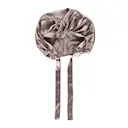 Sovmössa silke ljusgrå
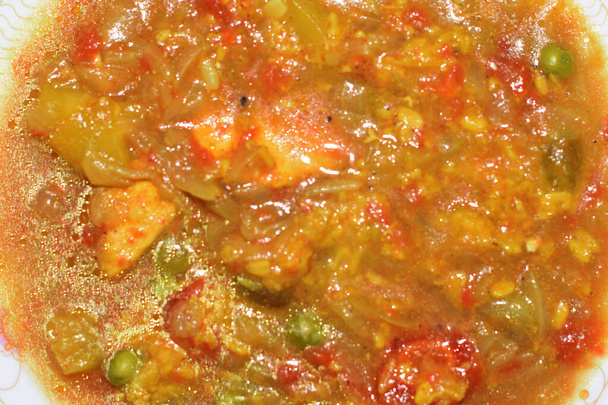Asijský talíř. Maso, zelenina, čočka, kari porce - Fotografie, Obrázek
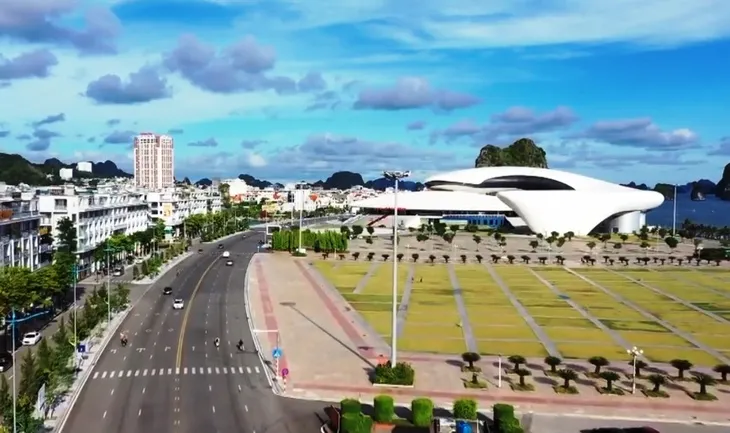 Khánh thành tuyến đường bao biển Hạ Long - Cẩm Phả - Ảnh 4. Khánh thành tuyến đường bao biển Hạ Long - Cẩm Phả - Ảnh 4.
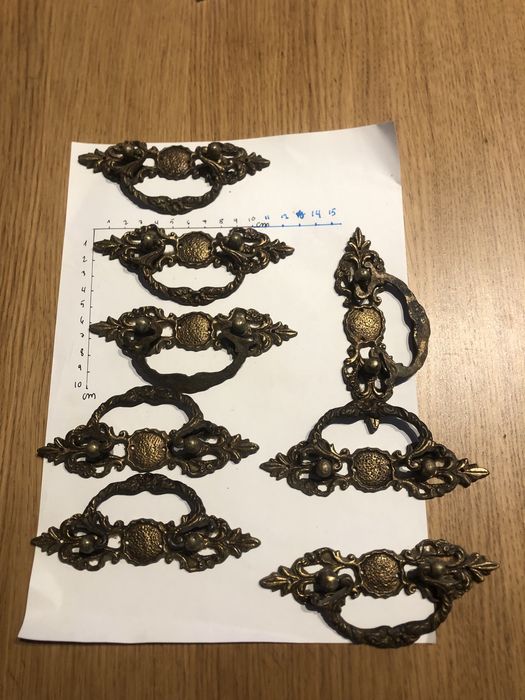 Conjunto de 8 puxadores em latão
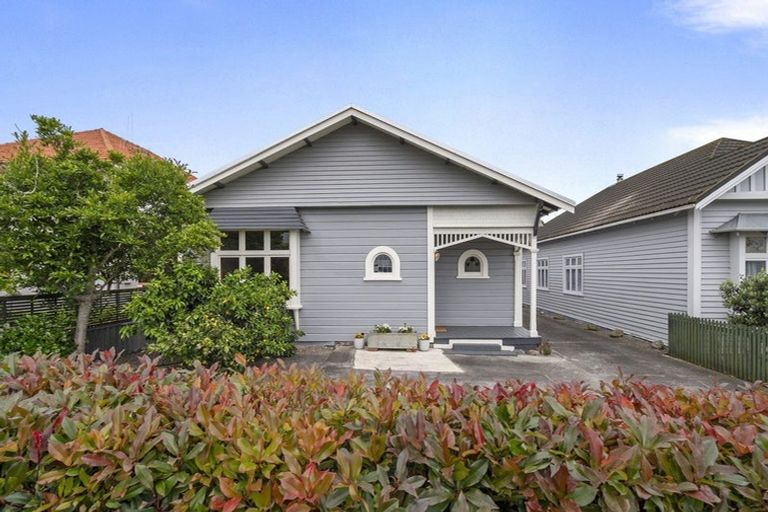 Photo of property in 298 Ruahine Street, Terrace End, Palmerston North, 4410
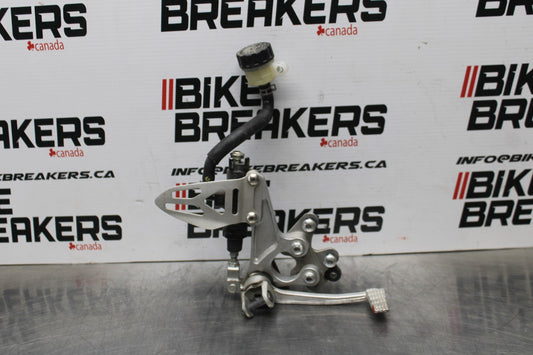 07 SUZUKI GSXR1000 RIGHT REARSET REAR SET DRIVER FOOT PEG REST STOP BB770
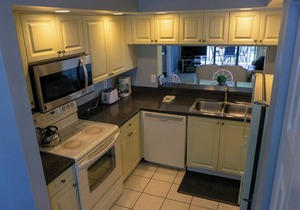 Making The Best Memories Along The Way! 2 Great Units, Free Parking, Kitchenette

#### Work item:
Return all the data exactly, and keep the pictures out.

#### Answer for this exercise:
 Sovmössa silke ljusgrå
Asijský talíř. Maso, zelenina, čočka, kari porce - Fotografie, Obrázek
 Khánh thành tuyến đường bao biển Hạ Long - Cẩm Phả - Ảnh 4. Khánh thành tuyến đường bao biển Hạ Long - Cẩm Phả - Ảnh 4.
 Conjunto de 8 puxadores em latão
 Photo of property in 298 Ruahine Street, Terrace End, Palmerston North, 4410
 07 SUZUKI GSXR1000 RIGHT REARSET REAR SET DRIVER FOOT PEG REST STOP BB770
 Making The Best Memories Along The Way! 2 Great Units, Free Parking, Kitchenette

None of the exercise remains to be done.